Russian Twitter Trolls

Inferred Relationships


Inferred relationships are important in graphs. For example, when a Troll account retweets another Troll’s tweet we could say the trolls have an inferred "AMPLIFIED" relationship: one troll is amplifying the message of the other.

Inferred AMPLIFIED relationships exist when a troll account retweets another troll
MATCH p=(r1:Troll)-[:POSTED]->(:Tweet)<-[:RETWEETED]-(:Tweet)<-[:POSTED]-(r2:Troll)
RETURN p LIMIT 1

Graph Algorithms


Graph algorithms are a way to apply analytics to the entire graph to further enhance our understanding of the data. These algorithms fall into three categories:

  • Centrality - What are the most important nodes in the network? PageRank, Betweenness Centrality, Closeness Centrality

  • Community detection - How can the graph be partitioned? Union Find, Louvain, Label Propagation, Connected Components

  • Pathfinding - What are the shortest paths or best routes available given cost? Minimum Weight Spanning Tree, All Pairs- and Single Source- Shortest Path, Dijkstra

We can run these algorithms in Neo4j with Cypher using the Neo4j Graph Algorithms procedures.

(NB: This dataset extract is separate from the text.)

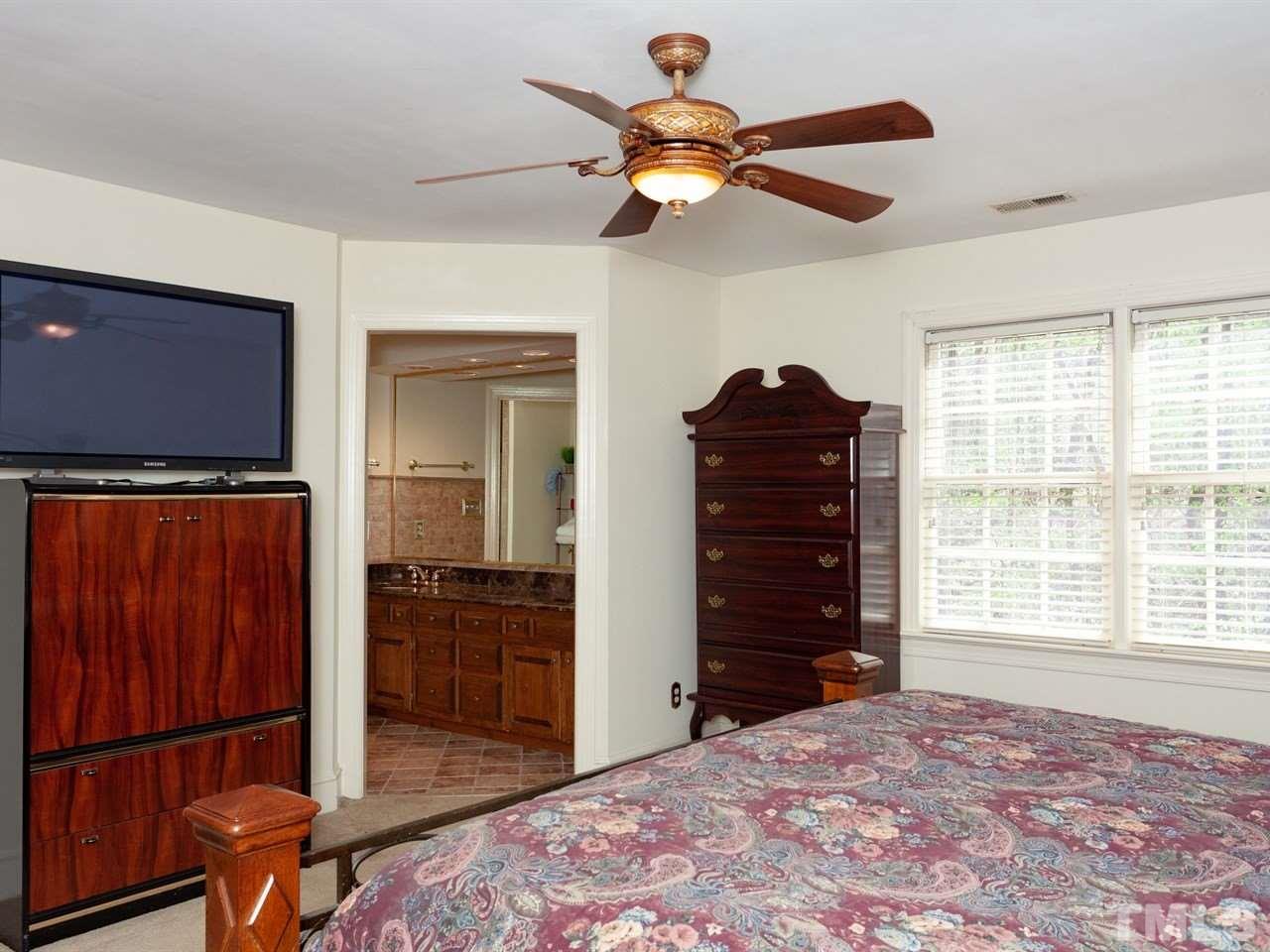 701 Presnell Court Raleigh, NC 27615 - Photo 14 of 24 a bedroom with a bed and a dresser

See what procedures are available in the algo package
CALL dbms.procedures()
YIELD name, signature, description
WITH * WHERE name STARTS WITH "algo"
RETURN *

Centrality


Let’s run PageRank over this inferred AMPLIFIED graph to find the most influential trolls

Run PageRank over the inferred troll amplification graph. This will write the results back to a pagerank property on the nodes
CALL algo.pageRank("MATCH (t:Troll) RETURN id(t) AS id","MATCH (r1:Troll)-[:POSTED]->(:Tweet)<-[:RETWEETED]-(:Tweet)<-[:POSTED]-(r2:Troll) RETURN id(r2) as source, id(r1) as target", {graph:'cypher'})
Find Trolls with highest PageRank score
MATCH (t:Troll) WHERE EXISTS(t.pagerank)
RETURN t.screen_name AS troll, t.pagerank AS pagerank ORDER BY pagerank DESC LIMIT 25
What are the top trolls tweeting about?
MATCH (t:Troll) WHERE EXISTS(t.pagerank)
WITH t ORDER BY t.pagerank LIMIT 25
MATCH (t)-[:POSTED]->(tw:Tweet)-[:HAS_TAG]-(ht:Hashtag)
RETURN ht.tag, COUNT(tw) AS num ORDER BY num DESC LIMIT 25

PageRank is a recursive graph algorithm that defines the importance of a node proportional to the importance and number of connected nodes in the graph.

Community Detection


We can also run community detection over this inferred AMPLIFIED graph to see how the graph is partitioned

Partition the graph into communities using the Label Propagation algorithm. An additional property community is added to each node specifying the community it has been assgined to by the algorithm.
CALL algo.labelPropagation("MATCH (t:Troll) RETURN id(t) AS id","MATCH (r1:Troll)-[:POSTED]->(t:Tweet)<-[:RETWEETED]-(:Tweet)<-[:POSTED]-(r2:Troll) RETURN id(r2) AS source, id(r1) AS target, COUNT(t) AS weight","OUTGOING",   {graph:'cypher', write: true, iterations: 200})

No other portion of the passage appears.